1The John Bulkley arrived at Wilmington, Delaware, on 23 Jan. 1806 (Philadelphia Aurora General Advertiser, 24 Jan. 1806).

2Encoded “ask”; decoded “at.”

3“Moderate” was omitted in the encoding and supplied at the State Department.

4Encoded “massure”; decoded “measure.”

5In his 1 Nov. 1805 letter to Jefferson, DLC: Jefferson Papers, Monroe included several copies of James Stephen’s War in Disguise and suggested, as one possible response to the renewed seizure of American ships, that “it would be proper for the congress to act on it, and declare its sense of the law of nations, taking perhaps the ground of the Russian treaty & pledging the representative body that is both branches, to support the Executive in the maintenance of those rights. As an indemnity to those who may have suffered by a violation of them, it may be advisable to impose a discriminatory duty on British manufactures of 15. or 25. pr. Cent.”

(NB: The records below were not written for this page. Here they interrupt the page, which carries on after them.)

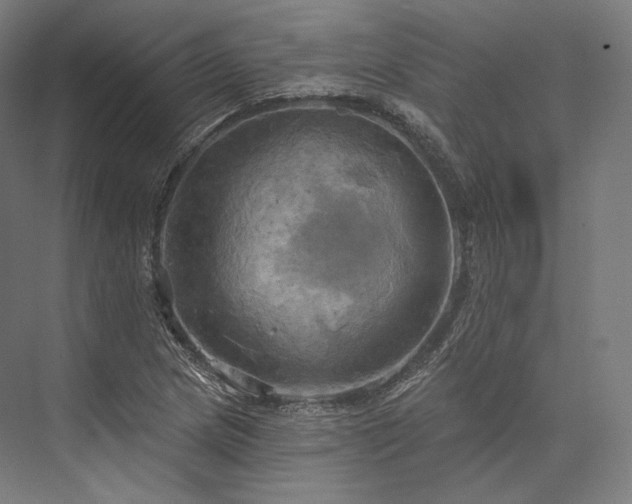 X0000076381217200610061116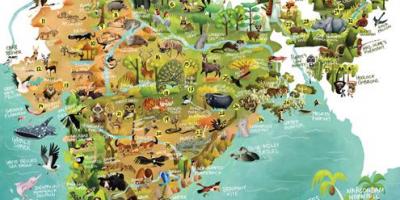 Indie wildlife mapě
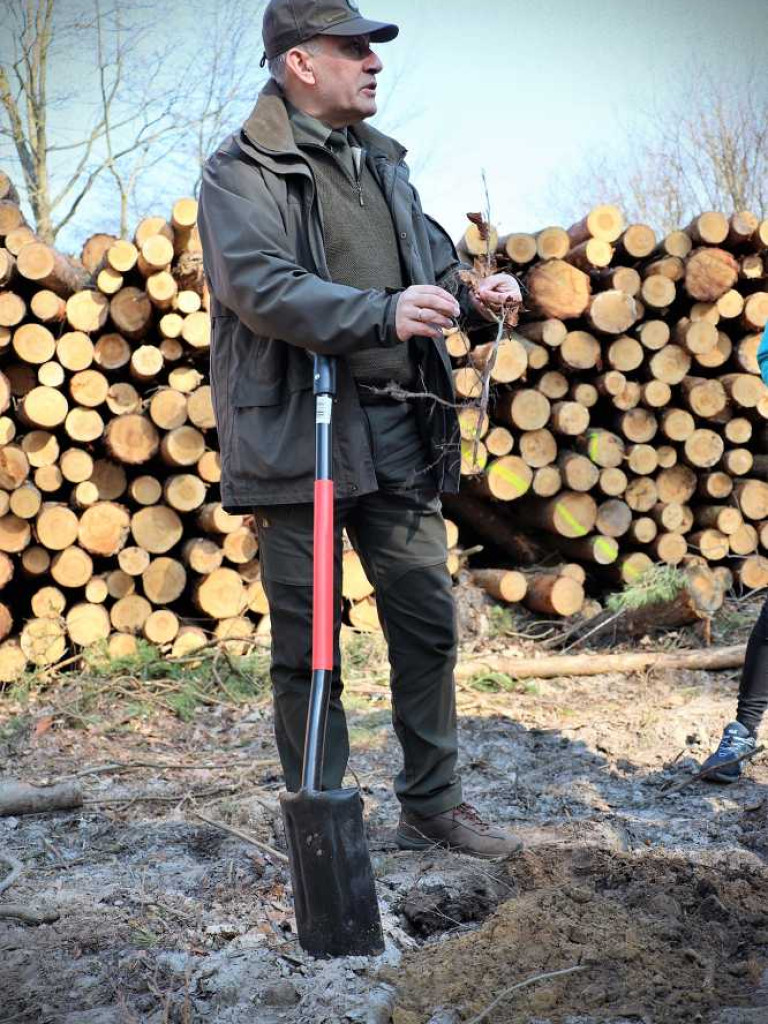 Hrubieszów: Łączą ich drzewa [ZDJĘCIA]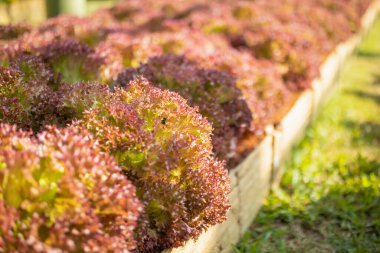Taze Lollo Rossa kırmızı salata yaprakları organik çiftlikte.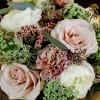 Close-up bouquet of blush roses, white blooms, and pink carnations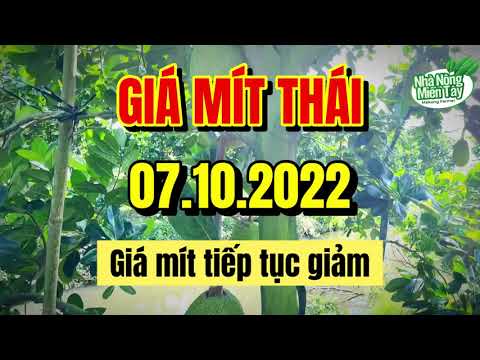 Thai jackfruit prices today
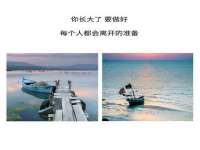 上海申掣网络科技有限公司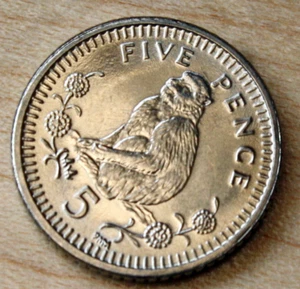 2000 Gibraltar 5 Pence Barbary Ape Unc.  - Picture 1 of 2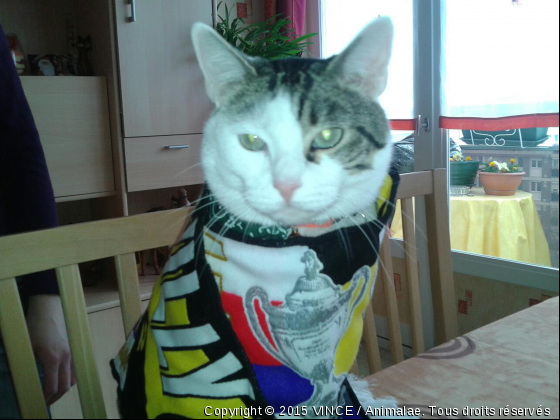 charly supporter N°1 de l usq - Photo de Chats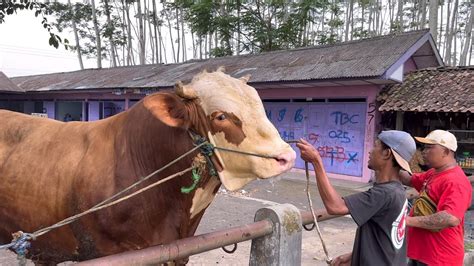 DEAL SAPI RAKSASA 900kg UP Sisa Qurban Masuk Pasar YouTube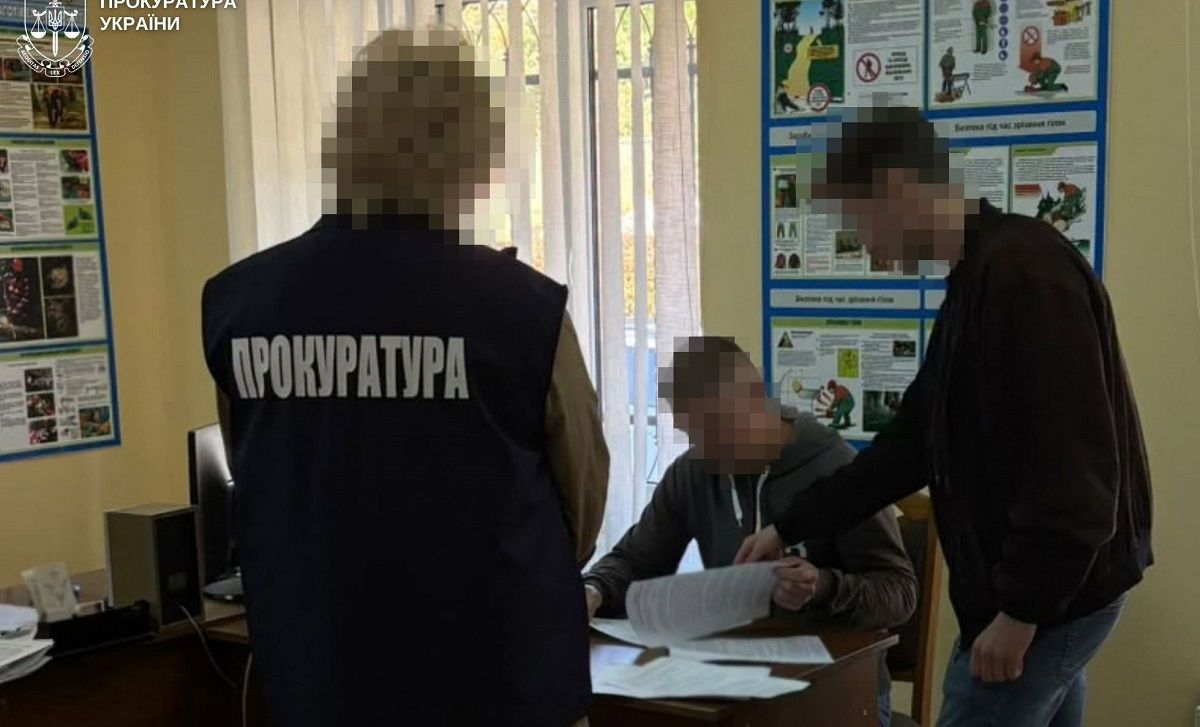 У заказнику на Львівщині викрили незаконну рубку ялин на понад 2,5 млн грн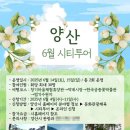 6 이미지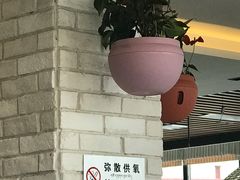 -玫瑰西餐厅.意面披萨.牛排咖啡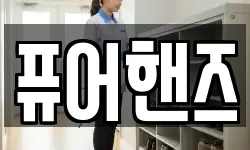 퓨어핸즈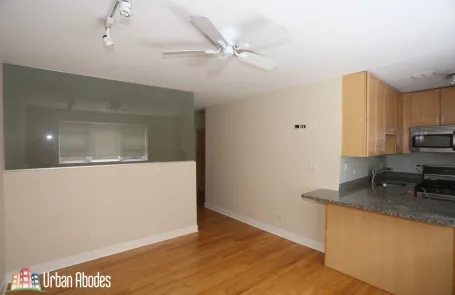Studio Lincoln Park Apartment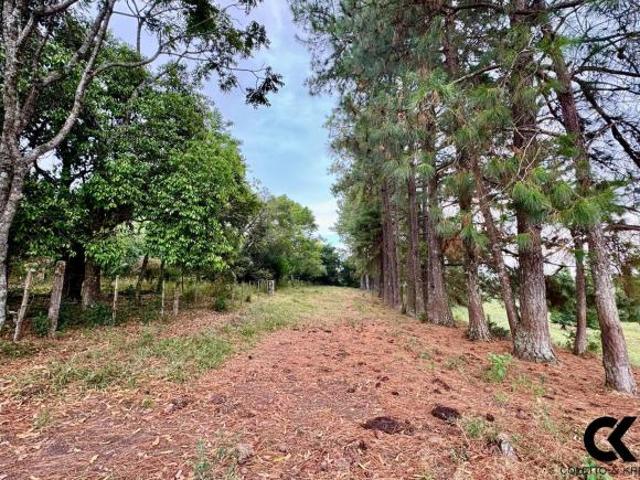 Sítio e chácara venda em Região Geográfica Imediata de Frederico Westphalen, Pinhal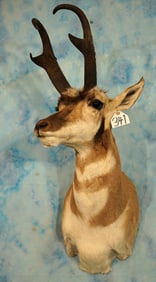 B & C 80 6/8"net Awards Book Record Class Pronghorn Antelope Shoulder Taxidermy Mount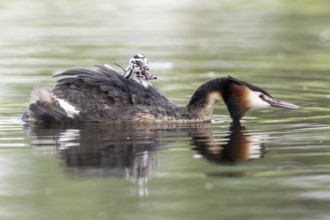 Great Crested Grebe (Podiceps Scalloped ribbonfish) with juveniles, Emsland, Lower Saxony, Germany,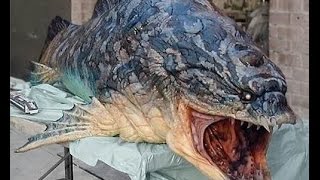Top 10 Most Dangerous Fish in the World  || Fish || Jioo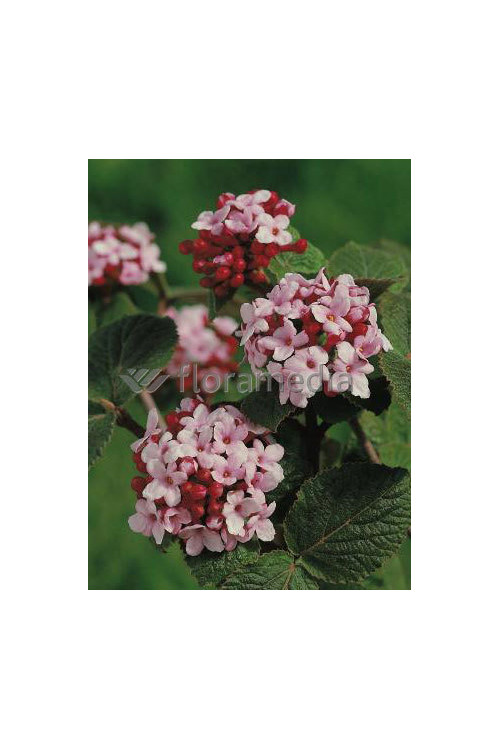 Kalina koreańska 'Juddii' Viburnum carlesii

6Encoded “suitble”; decoded “suitable.”

7Encoded “ntport”; decoded “support.”

8In October 1805 the British government sent Dudley Ryder, Baron Harrowby, to Berlin to offer Frederick William III a £2,500,000 subsidy for his troops and the acquisition of more territory if he would join the coalition against France. The revelation that Prussia had signed a treaty with Russia guaranteeing acquisition of Hanover to the former, and the news of the defeat of Russia and Austria by the French at Austerlitz, ended the negotiations. On 15 Dec. 1805 Prussia signed a treaty with Napoleon that ceded Hanover to Prussia (J. Holland Rose, William Pitt and the Great War [London, 1911], 536–45, 553; Hague, William Pitt the Younger, 562, 564).